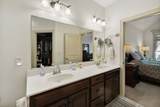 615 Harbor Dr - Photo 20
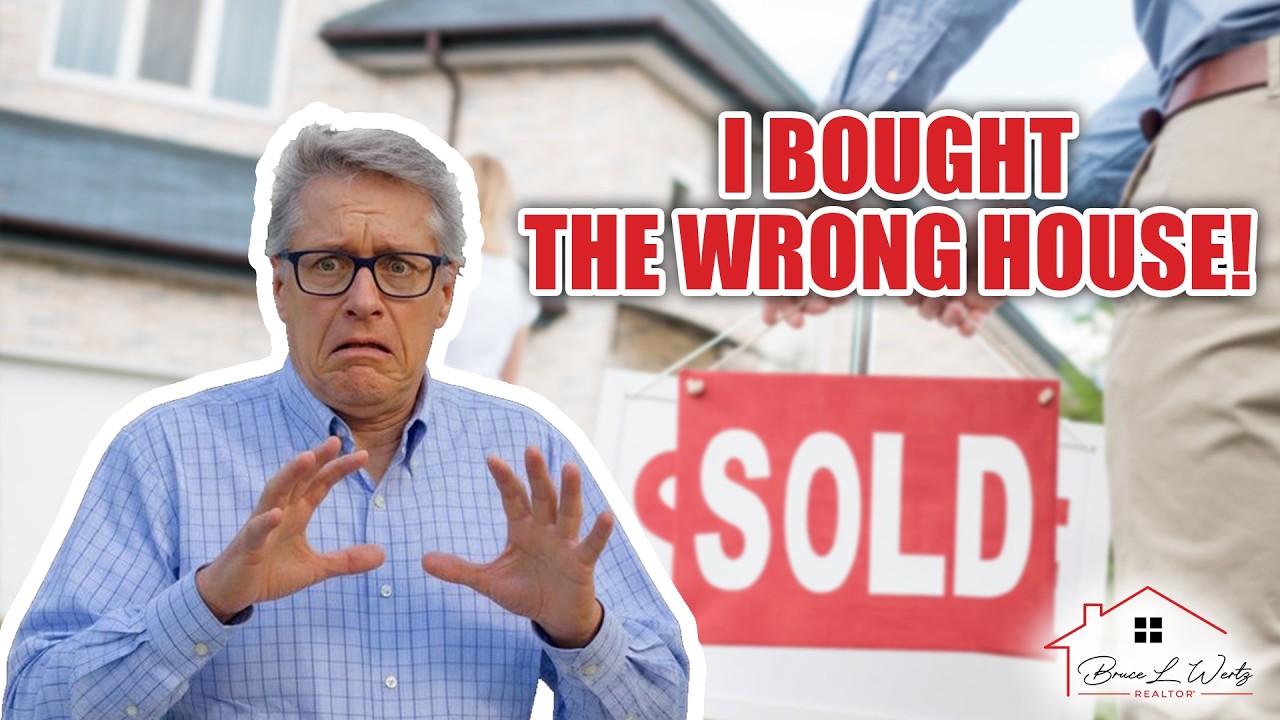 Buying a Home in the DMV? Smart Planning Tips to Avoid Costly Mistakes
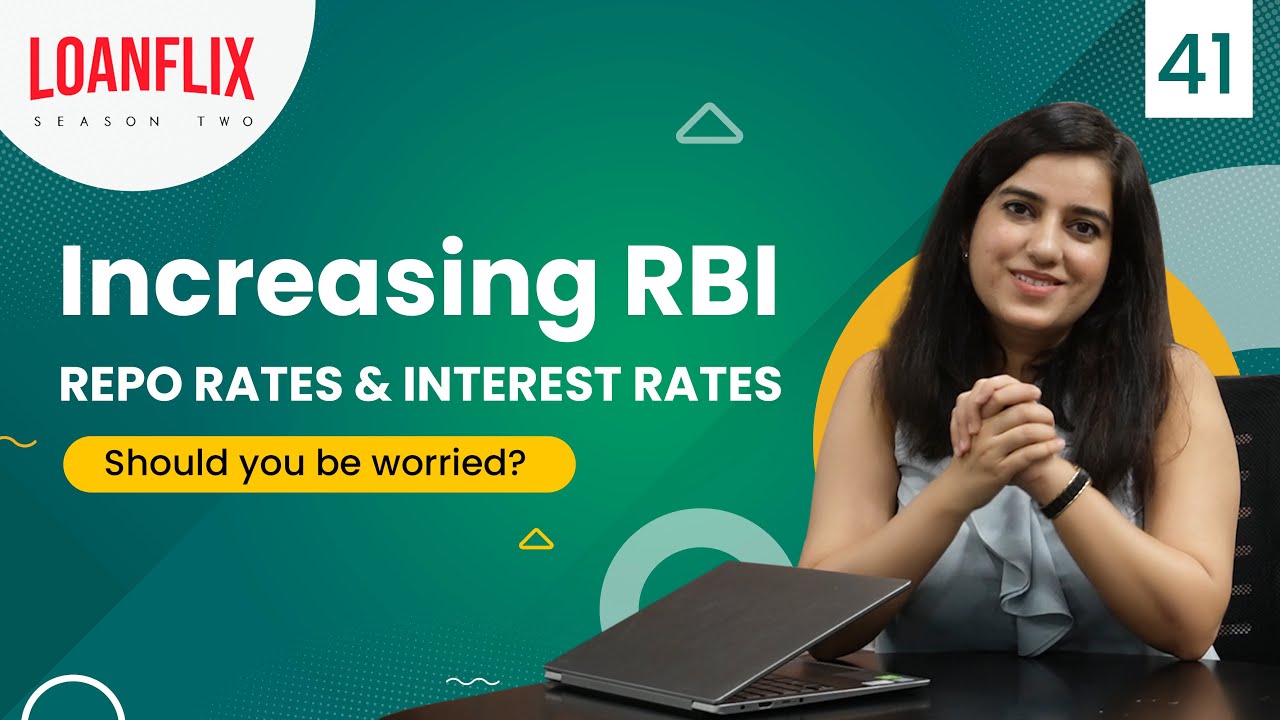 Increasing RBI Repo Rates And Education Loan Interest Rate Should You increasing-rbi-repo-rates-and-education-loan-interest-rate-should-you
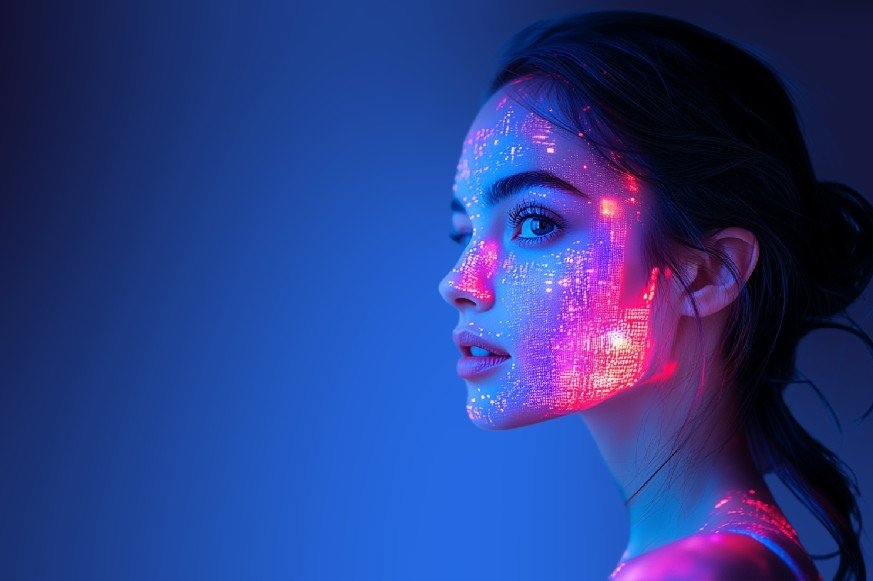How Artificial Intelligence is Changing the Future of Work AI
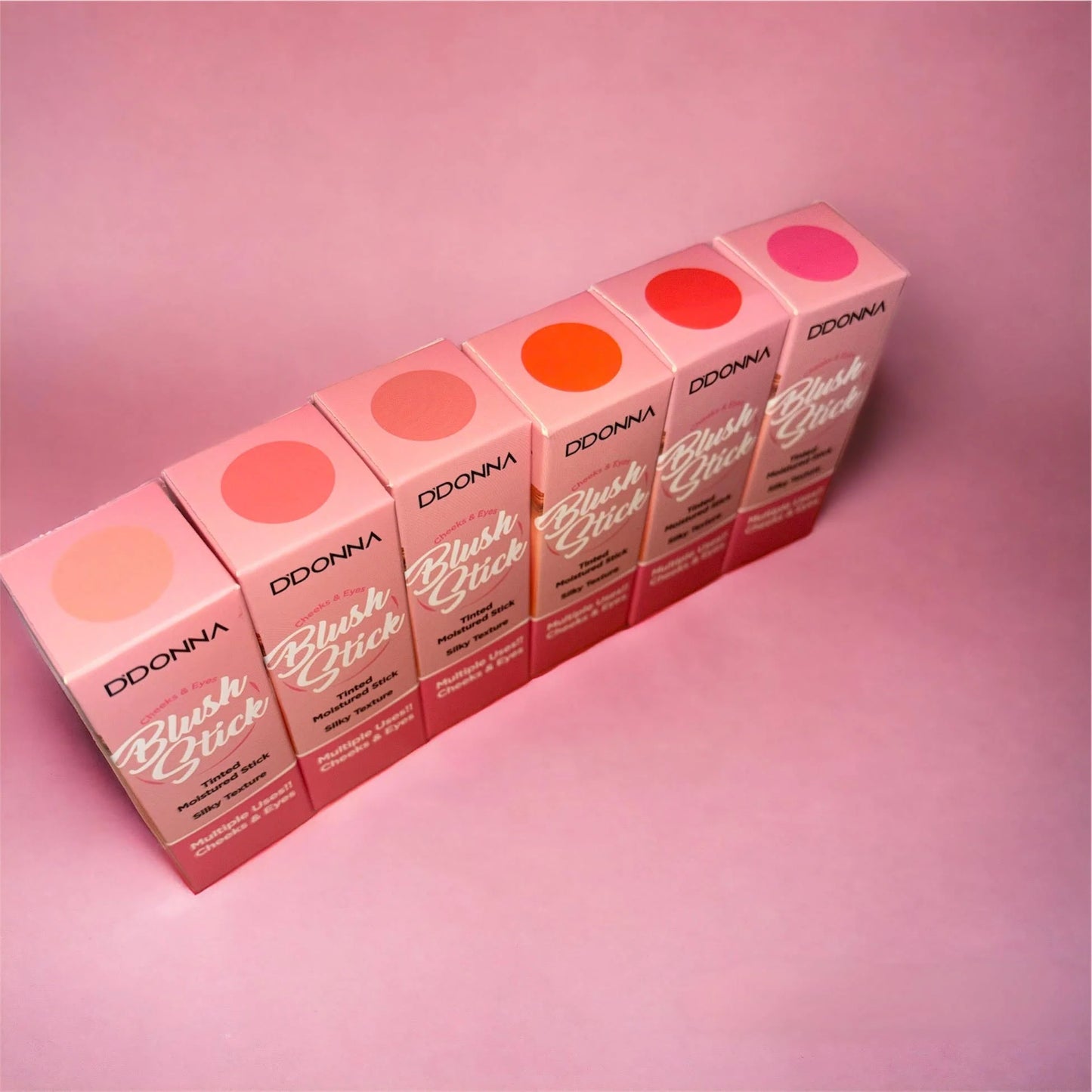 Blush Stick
--
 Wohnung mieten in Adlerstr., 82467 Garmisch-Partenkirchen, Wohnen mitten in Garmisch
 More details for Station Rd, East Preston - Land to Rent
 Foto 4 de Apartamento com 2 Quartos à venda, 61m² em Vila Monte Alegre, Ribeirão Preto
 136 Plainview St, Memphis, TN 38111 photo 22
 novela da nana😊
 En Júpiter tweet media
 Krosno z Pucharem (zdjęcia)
* * *
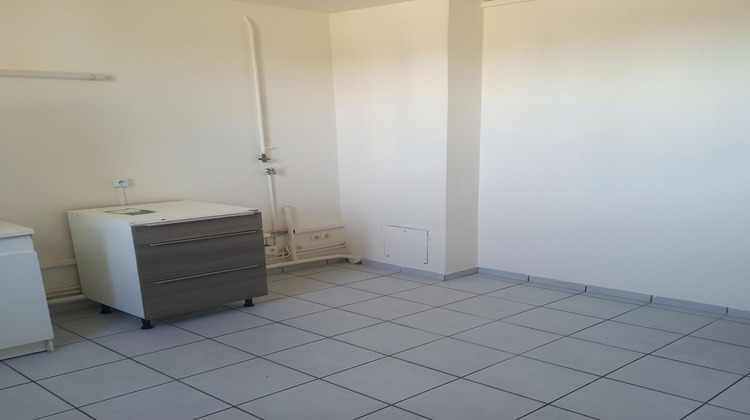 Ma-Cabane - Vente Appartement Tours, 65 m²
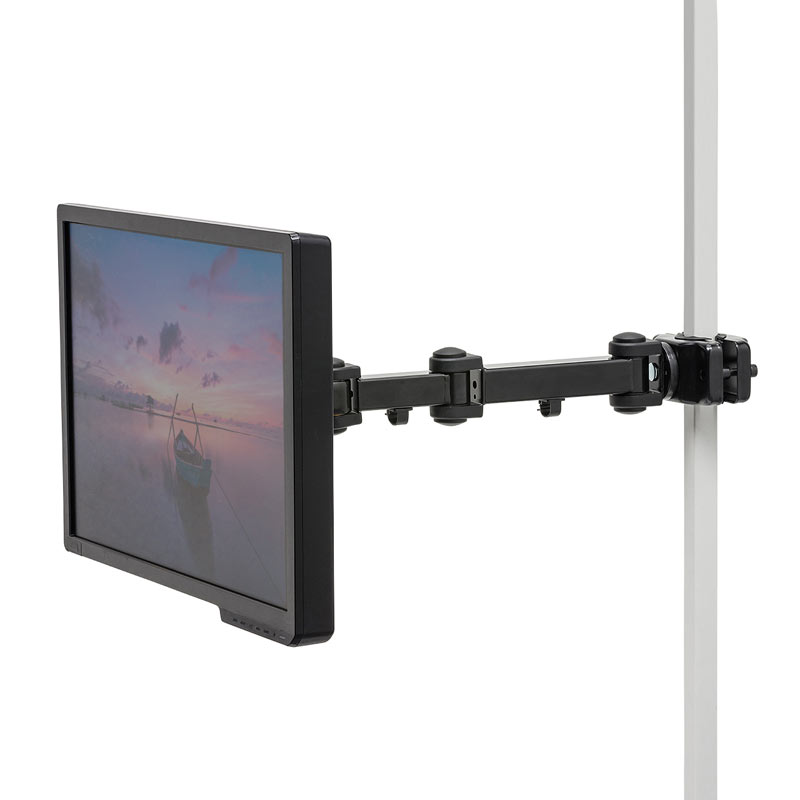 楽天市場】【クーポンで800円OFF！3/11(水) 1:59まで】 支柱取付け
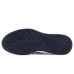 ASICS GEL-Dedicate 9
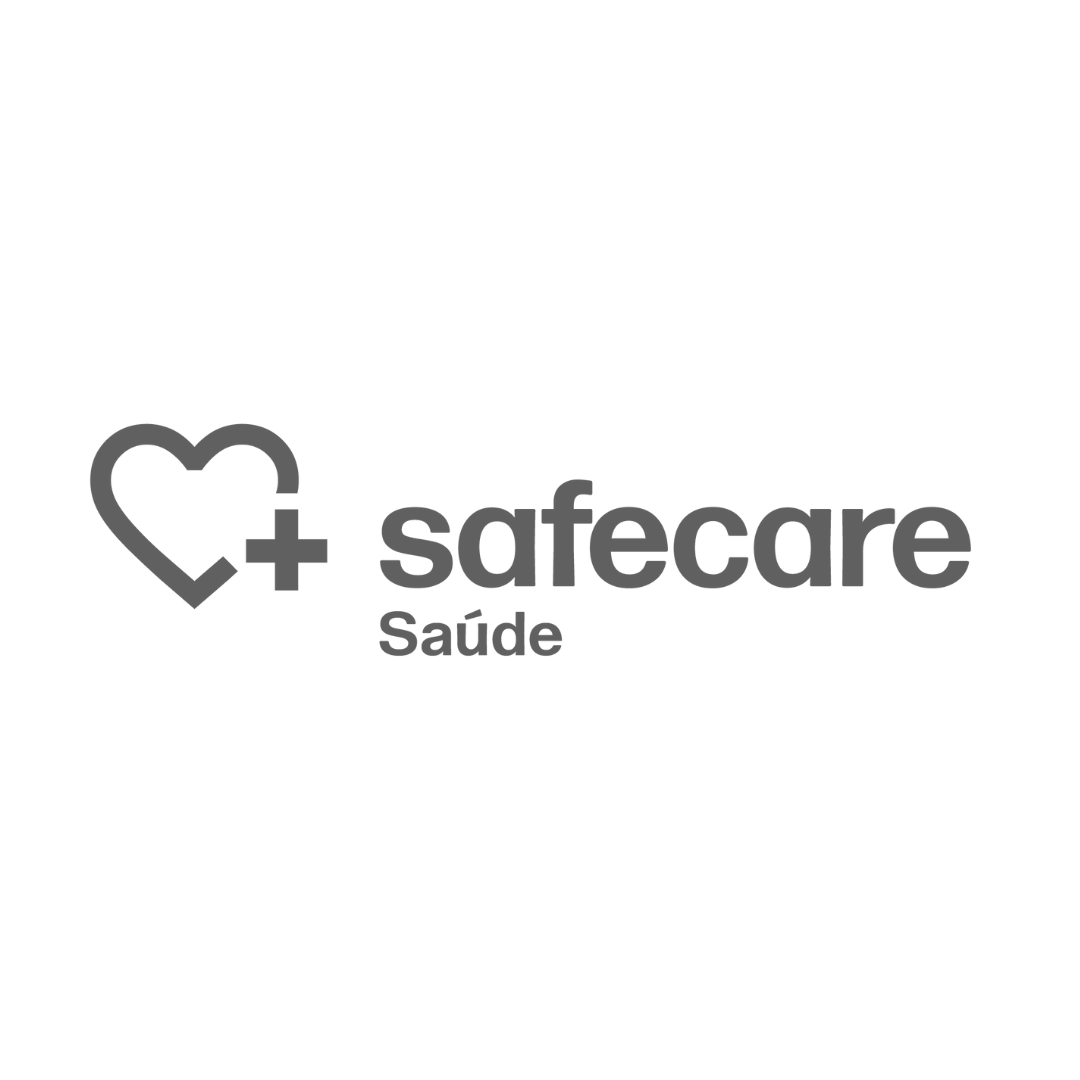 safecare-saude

Work instructions: Using the records above, repeat exactly the run of lines that starts with the line with "615 Harbor Dr - Photo 20" and goes on through the line with "Blush Stick"; omit each picture.

Answer:
 615 Harbor Dr - Photo 20
 Buying a Home in the DMV? Smart Planning Tips to Avoid Costly Mistakes
 Increasing RBI Repo Rates And Education Loan Interest Rate Should You increasing-rbi-repo-rates-and-education-loan-interest-rate-should-you
How Artificial Intelligence is Changing the Future of Work AI
 Blush Stick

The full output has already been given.